Confronto teso, ieri a Roma, fra i governatori delle regioni a Statuto speciale e il ministro per gli affari regionali Pietro Gnudi. Tema dell’incontro: l’attuazione dell’art.27 della legge 42 sul federalismo fiscale.
“Ci è stato dato atto che la nostra regione è l’unica che completato l’iter del federalismo fiscale – ha detto oggi il presidente Augusto Rollandin – e abbiamo presentato le procedure già messe in atto a livello regionale per la spending review: in particolare con la riduzione del numero dei dirigenti e sui provvedimenti per la semplificazione e il risparmio. E sempre per attuare la spending review abbiamo discusso e presentato un emendamento alla legge di variazione di bilancio per l’applicazione dei risparmi a livello regionale”.

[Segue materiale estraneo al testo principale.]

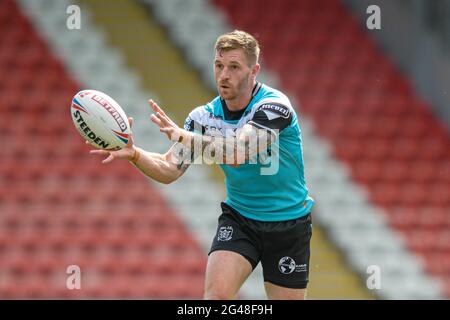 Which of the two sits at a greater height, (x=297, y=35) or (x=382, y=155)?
(x=297, y=35)

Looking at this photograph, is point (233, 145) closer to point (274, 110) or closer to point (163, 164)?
point (274, 110)

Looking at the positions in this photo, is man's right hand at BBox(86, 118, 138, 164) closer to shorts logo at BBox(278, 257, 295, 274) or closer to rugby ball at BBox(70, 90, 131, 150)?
rugby ball at BBox(70, 90, 131, 150)

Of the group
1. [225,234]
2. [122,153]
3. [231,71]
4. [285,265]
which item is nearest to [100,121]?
[122,153]

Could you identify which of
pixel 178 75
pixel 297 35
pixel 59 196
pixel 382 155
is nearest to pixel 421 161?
pixel 382 155

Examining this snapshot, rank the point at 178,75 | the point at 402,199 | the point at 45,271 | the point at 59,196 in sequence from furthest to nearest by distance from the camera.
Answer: the point at 178,75 → the point at 402,199 → the point at 59,196 → the point at 45,271

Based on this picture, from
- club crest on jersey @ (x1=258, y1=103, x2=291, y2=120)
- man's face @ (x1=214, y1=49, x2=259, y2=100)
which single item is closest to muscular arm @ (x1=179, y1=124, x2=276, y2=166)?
club crest on jersey @ (x1=258, y1=103, x2=291, y2=120)

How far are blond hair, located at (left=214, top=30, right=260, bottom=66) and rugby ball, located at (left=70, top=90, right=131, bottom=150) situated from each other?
0.69 m

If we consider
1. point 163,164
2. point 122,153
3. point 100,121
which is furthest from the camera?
point 163,164

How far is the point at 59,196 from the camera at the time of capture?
34.1ft

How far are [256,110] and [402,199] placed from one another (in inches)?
249

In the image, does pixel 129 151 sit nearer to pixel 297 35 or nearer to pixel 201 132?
pixel 201 132

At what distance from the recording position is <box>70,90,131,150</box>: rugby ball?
5242 mm

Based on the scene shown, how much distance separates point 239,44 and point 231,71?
0.16 metres

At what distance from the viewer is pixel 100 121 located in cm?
527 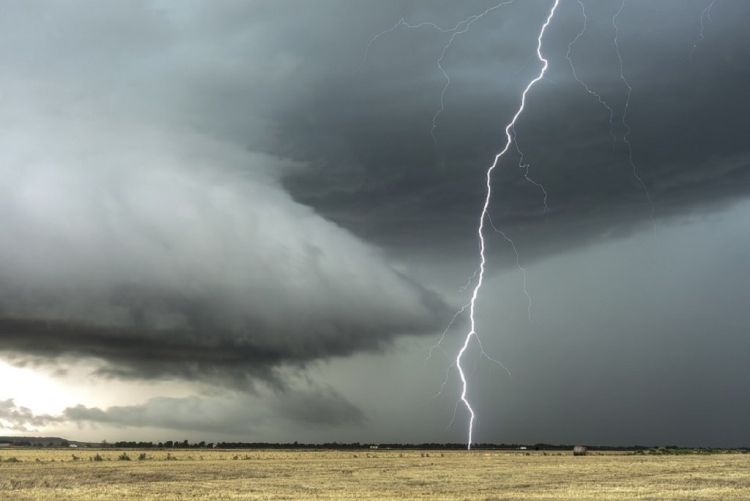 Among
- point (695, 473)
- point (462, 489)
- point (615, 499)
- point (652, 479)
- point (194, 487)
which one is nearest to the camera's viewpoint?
point (615, 499)

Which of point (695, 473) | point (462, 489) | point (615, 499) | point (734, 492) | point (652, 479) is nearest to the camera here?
point (615, 499)

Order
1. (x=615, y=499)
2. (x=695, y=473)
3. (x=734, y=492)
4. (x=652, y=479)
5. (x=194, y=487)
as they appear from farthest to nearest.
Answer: (x=695, y=473)
(x=652, y=479)
(x=194, y=487)
(x=734, y=492)
(x=615, y=499)

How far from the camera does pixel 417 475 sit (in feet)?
146

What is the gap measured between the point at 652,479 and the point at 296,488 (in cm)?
1957

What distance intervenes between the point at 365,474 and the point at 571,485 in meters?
15.6

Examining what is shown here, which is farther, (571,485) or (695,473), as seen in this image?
(695,473)

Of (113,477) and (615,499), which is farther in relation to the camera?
(113,477)

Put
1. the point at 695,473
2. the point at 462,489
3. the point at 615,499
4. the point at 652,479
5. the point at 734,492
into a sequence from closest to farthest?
the point at 615,499, the point at 734,492, the point at 462,489, the point at 652,479, the point at 695,473

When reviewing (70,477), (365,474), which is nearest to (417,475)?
(365,474)

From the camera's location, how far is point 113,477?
44.9 metres

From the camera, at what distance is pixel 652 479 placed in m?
38.8

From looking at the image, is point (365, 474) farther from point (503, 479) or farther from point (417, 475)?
point (503, 479)

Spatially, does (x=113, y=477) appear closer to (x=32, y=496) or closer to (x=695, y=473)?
(x=32, y=496)

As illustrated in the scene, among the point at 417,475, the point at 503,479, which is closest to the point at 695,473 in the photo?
the point at 503,479
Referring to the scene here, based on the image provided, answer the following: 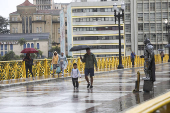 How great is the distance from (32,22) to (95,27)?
49.7 m

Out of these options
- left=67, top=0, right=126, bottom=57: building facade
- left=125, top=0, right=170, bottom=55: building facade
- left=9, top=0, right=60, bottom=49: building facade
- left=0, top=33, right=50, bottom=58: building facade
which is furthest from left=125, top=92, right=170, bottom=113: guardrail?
left=9, top=0, right=60, bottom=49: building facade

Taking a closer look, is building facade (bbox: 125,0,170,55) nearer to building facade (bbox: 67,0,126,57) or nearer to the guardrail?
building facade (bbox: 67,0,126,57)

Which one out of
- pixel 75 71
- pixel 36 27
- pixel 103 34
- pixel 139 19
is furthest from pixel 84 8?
pixel 75 71

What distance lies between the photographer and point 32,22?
158 m

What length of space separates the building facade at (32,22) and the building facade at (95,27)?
41087 millimetres

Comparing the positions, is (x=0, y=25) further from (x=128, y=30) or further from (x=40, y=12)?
(x=128, y=30)

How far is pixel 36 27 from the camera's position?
518 feet

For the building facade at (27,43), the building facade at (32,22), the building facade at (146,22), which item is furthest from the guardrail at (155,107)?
the building facade at (32,22)

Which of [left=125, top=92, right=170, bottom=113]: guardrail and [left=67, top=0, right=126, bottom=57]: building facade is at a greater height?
[left=67, top=0, right=126, bottom=57]: building facade

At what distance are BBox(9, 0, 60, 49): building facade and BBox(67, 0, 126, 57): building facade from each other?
4109cm

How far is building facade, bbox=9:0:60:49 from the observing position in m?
157

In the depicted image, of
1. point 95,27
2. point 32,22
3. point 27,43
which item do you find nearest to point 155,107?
point 95,27

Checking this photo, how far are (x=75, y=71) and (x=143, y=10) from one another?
3992 inches

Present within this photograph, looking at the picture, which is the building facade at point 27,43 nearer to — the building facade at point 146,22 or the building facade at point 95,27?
the building facade at point 95,27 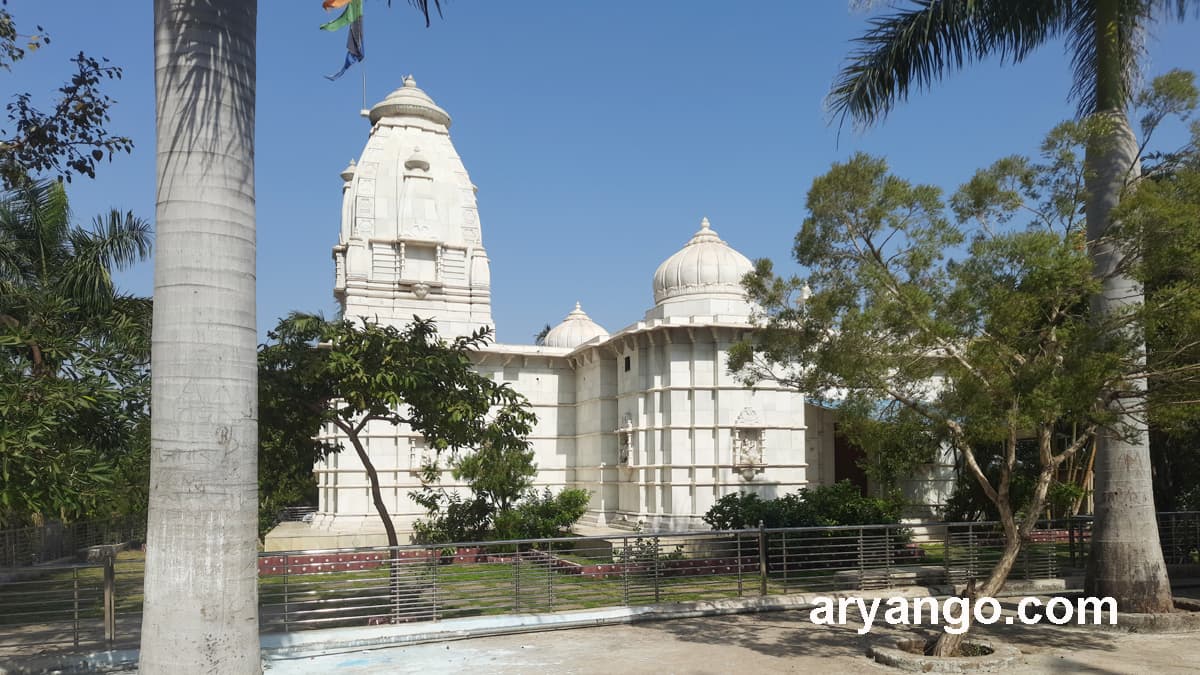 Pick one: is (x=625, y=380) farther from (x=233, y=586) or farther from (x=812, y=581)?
(x=233, y=586)

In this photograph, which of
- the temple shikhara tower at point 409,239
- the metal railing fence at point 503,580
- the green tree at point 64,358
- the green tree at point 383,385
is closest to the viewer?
the green tree at point 64,358

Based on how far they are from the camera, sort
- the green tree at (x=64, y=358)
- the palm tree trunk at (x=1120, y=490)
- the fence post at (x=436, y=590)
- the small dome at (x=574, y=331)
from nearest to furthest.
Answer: the green tree at (x=64, y=358) → the fence post at (x=436, y=590) → the palm tree trunk at (x=1120, y=490) → the small dome at (x=574, y=331)

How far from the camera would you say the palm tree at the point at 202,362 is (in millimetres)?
5453

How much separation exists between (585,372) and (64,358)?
1951 centimetres

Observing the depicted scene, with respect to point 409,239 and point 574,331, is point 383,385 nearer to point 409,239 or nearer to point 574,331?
point 409,239

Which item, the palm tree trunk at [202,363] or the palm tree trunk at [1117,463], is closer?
the palm tree trunk at [202,363]

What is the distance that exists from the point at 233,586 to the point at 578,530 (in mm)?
20068

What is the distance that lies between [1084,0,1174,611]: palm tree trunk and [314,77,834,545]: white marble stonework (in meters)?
11.1

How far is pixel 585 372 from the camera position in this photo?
28766mm

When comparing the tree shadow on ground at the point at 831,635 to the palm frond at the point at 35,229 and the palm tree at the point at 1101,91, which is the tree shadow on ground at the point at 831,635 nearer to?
the palm tree at the point at 1101,91

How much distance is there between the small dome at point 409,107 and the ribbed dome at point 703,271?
1015 cm

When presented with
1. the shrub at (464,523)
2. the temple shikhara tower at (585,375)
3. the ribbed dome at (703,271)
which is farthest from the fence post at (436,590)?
the ribbed dome at (703,271)

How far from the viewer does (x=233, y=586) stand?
18.2 feet

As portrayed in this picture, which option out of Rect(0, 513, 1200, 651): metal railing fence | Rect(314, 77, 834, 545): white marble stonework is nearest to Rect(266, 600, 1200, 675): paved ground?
Rect(0, 513, 1200, 651): metal railing fence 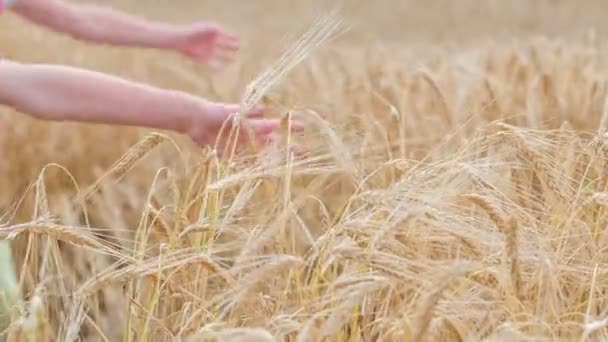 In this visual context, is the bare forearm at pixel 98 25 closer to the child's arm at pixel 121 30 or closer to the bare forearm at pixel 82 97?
the child's arm at pixel 121 30

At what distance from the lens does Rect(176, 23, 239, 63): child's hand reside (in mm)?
1960

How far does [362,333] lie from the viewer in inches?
43.4

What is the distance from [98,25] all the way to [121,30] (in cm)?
4

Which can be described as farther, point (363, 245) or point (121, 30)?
point (121, 30)

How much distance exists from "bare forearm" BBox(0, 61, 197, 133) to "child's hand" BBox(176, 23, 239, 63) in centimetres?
68

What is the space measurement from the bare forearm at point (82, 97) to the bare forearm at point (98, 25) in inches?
26.1

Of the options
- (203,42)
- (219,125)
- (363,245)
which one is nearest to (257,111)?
(219,125)

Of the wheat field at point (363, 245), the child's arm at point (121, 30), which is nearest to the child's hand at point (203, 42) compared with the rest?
the child's arm at point (121, 30)

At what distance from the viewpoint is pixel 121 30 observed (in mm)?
1969

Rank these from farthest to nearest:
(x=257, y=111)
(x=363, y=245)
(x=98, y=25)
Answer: (x=98, y=25) → (x=257, y=111) → (x=363, y=245)

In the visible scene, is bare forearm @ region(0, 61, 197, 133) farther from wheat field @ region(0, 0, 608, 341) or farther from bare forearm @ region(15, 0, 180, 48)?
bare forearm @ region(15, 0, 180, 48)

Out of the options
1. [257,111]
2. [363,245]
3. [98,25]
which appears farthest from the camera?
[98,25]

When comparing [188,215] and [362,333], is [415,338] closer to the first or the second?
[362,333]

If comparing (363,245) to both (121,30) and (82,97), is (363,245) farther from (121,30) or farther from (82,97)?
(121,30) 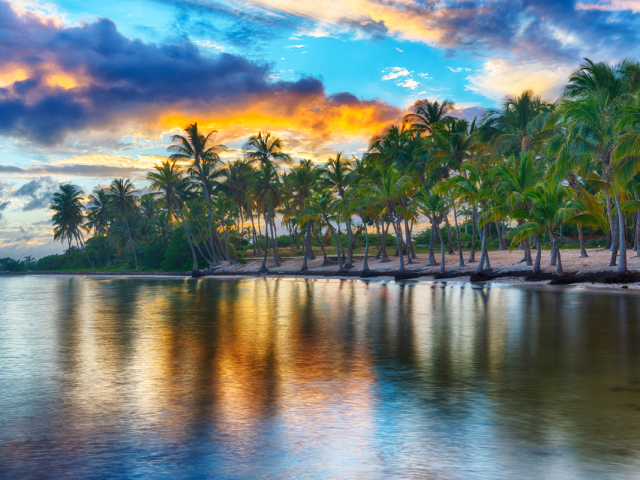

Il confronto con il ministro si è rivelato teso soprattutto perché la Sardegna ha abbandonato il tavolo per evidenziare un problema connesso al trasferimento di risorse pubbliche dallo Stato. “Abbiamo fatto presente al ministro che la regione più penalizzata è la nostra – ha proseguito Rollandin – rispetto alla prima manovra che ha applicato tagli su parametri concordati, le successive manovre non hanno rispettato questi parametri, penalizzandoci per circa 9milioni e mezzo di euro. Soprattutto la logica della riserva all’erario vanifica di fatto il senso del federalismo e il senso del riparto fiscale”.